[Excerpts from a dataset]
**********

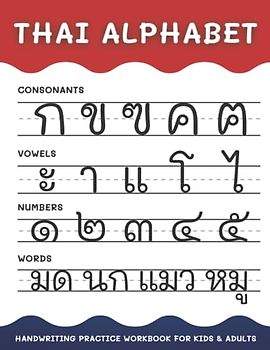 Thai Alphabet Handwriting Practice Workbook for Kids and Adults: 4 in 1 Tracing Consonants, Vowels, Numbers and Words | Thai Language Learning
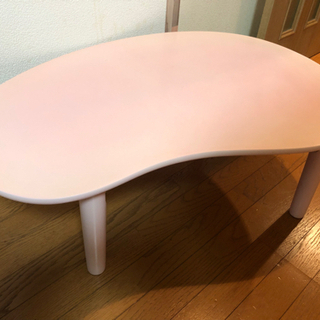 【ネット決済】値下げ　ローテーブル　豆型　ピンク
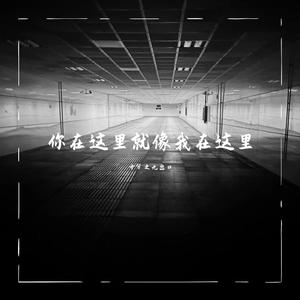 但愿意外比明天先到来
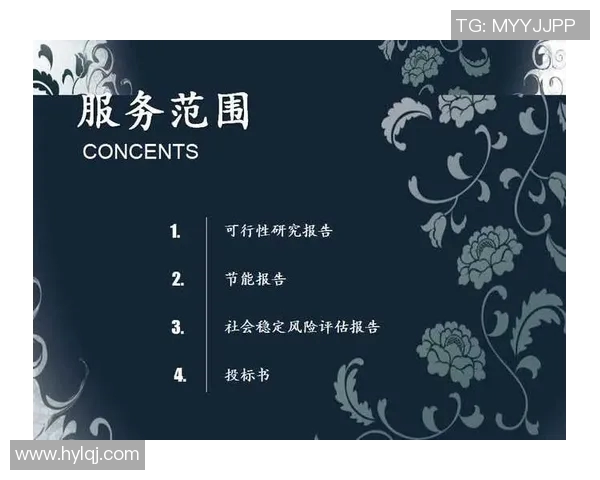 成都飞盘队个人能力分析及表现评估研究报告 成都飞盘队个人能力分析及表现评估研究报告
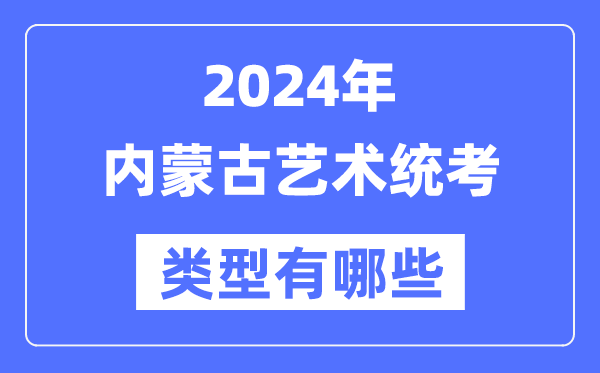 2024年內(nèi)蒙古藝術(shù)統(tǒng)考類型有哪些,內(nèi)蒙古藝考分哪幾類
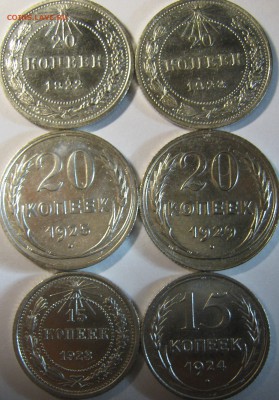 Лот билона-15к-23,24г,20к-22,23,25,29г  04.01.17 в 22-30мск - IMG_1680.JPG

**********

**What to do:**
Output all data exactly, omitting images.

**Result of this exercise:**
 Thai Alphabet Handwriting Practice Workbook for Kids and Adults: 4 in 1 Tracing Consonants, Vowels, Numbers and Words | Thai Language Learning
 【ネット決済】値下げ　ローテーブル　豆型　ピンク
 但愿意外比明天先到来
 成都飞盘队个人能力分析及表现评估研究报告 成都飞盘队个人能力分析及表现评估研究报告
 2024年內(nèi)蒙古藝術(shù)統(tǒng)考類型有哪些,內(nèi)蒙古藝考分哪幾類
 Лот билона-15к-23,24г,20к-22,23,25,29г  04.01.17 в 22-30мск - IMG_1680.JPG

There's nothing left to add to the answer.